東野圭吾『さいえんす?』

さいえんす? (角川文庫)

さいえんす? (角川文庫)

 2005年12月購入。3ヶ月の放置。大阪府立大の工学部卒でエンジニアの経験を持つ東野圭吾のエッセイ集。その経歴ゆえ理系作家というレッテルを貼られることがあるが、まさにそのレッテルどおりのタイトルを持つ作品だ。内容も理系がらみの話中心であるのだが、特に専門的な話に偏るわけでもなく、元来が読みやすい文体の使い手であり別段と難しく感じる事はない。
 もちろん、サイエンスがらみの話だけでもない。「本は誰が作っているのか」で語られる内容は我々読者にとって考えさせられる内容だ。本を作るためには本を売らなくてはならない。図書館で本を借りる、あるいはブックオフ等で本を買うという行為では出版社には儲けがない。ひいては経営が成り立たなくなり、本が出版されなくなる。
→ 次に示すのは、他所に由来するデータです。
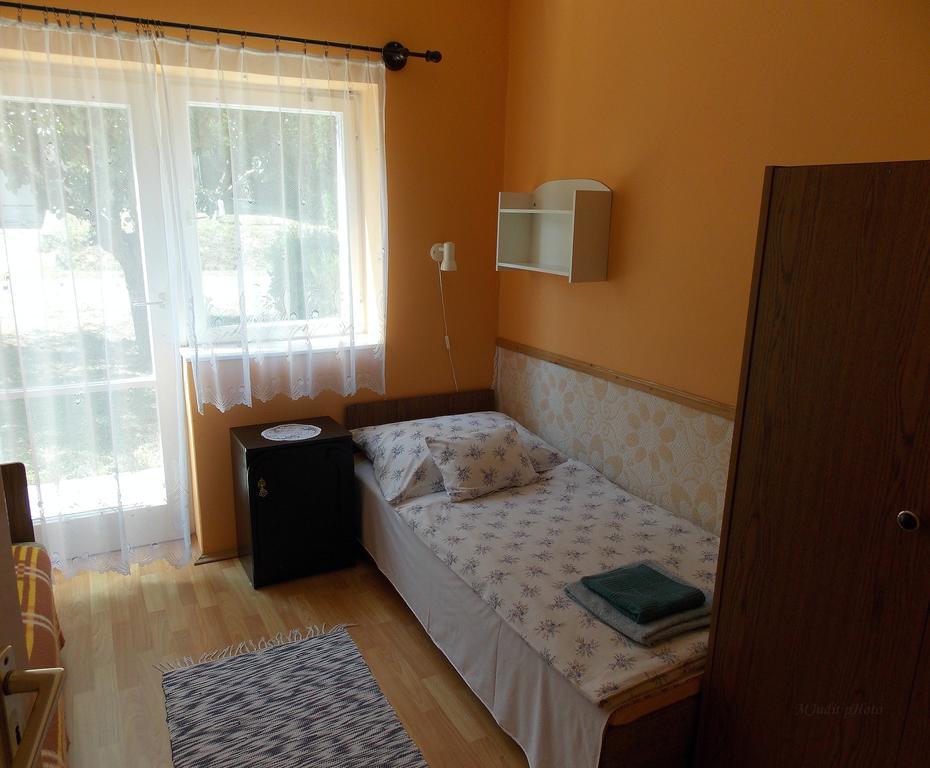 Bencze Vendeghaz Zalakaros Appartement Buitenkant foto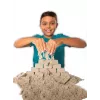 Kinetic Sand Dig N' Demolish mängukomplekt 1 lb mänguliiva ja mänguautoga, sensoorne mänguasi lastele alates 5. eluaastast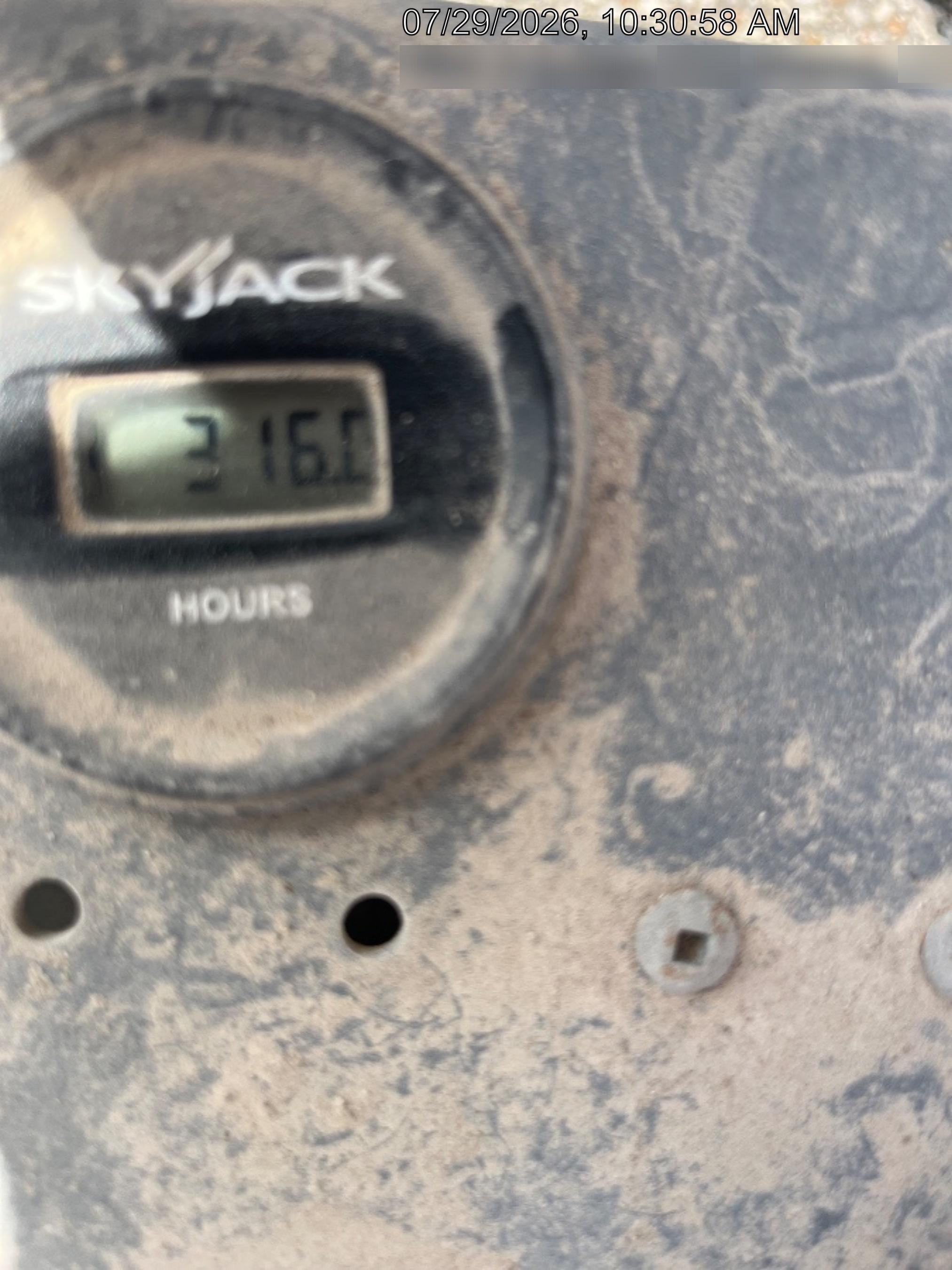 2017 Skyjack SJIII-3219 SJ3219, Trojan Battery Set, Extended Warranty 5yr/5k hr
図書館やブックオフを利用することを、まかり間違っても、「賢い生活術だ」と思ってもらいたくない。そう考えることは、出版業界を支えている購買読者たちへの、とんでもない侮辱である。

 書籍には文化的側面があり、そして作家には芸術家としての側面がある。同時に本は経済面から見れば商品であり、作家はその商品を生み出す生産者だ。前者を重視すれば図書館の存在意義や再販制度の存続を声高に主張できる。ところが後者の視点はそれと真っ向からぶつかることとなる。そして、その視点を無視することは出版活動そのものの死活に関わってくる。東野は図書館やブックオフを利用することを「賢い生活術だ」と思うことを購買読者たちへの侮辱だといっているが、作家そのものへの侮辱へもつながる。一読者として作家に敬意を払うには、新刊本できっちり買うべきではないだろうか。
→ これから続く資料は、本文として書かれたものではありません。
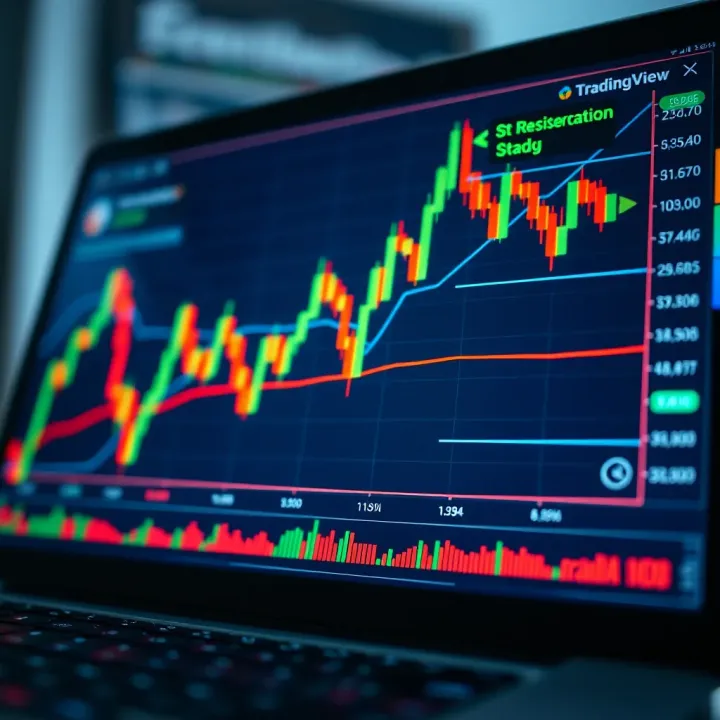Understanding TradingView Charts for Smart Trading Understanding TradingView Charts for Smart Trading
 ……などと優等生的にまとめてみたのだが、この先にもう一つの問題がある。それは「積読」だ。せっかく金を出して本を買っても、作者の魂を注いだ作品に目を通さないで放置したままにするという行為も作家にとっては侮辱ではないだろうか。
 では、作者にとって望ましい読者はどちらか?


①作品をきっちり読んでいるが、もっぱら図書館もしくは古書店で購入
②新刊で買うものの、読まずに積読


 ①は文化的側面で見るとよい読者、②は経済的側面で見るとよい読者といえる。ただし作家を目の前にして「読んでますよ」と言っても「買ってますよ」とは言わない。本は読むもので買うかどうかは別段省みられることはない。だが考えてみるとただ読んでいるからといってお客様ではないし、積読者は顧客であっても読者たりえない。買って読むのが一番よいことであるのはいうまでもないわけだから、私個人としては死に物狂いで、しかも楽しんで読むつもりだ。

 なお、私は単なる本読みなので図書館派やブクオフ派の人たちを非難するつもりはありません。念のため。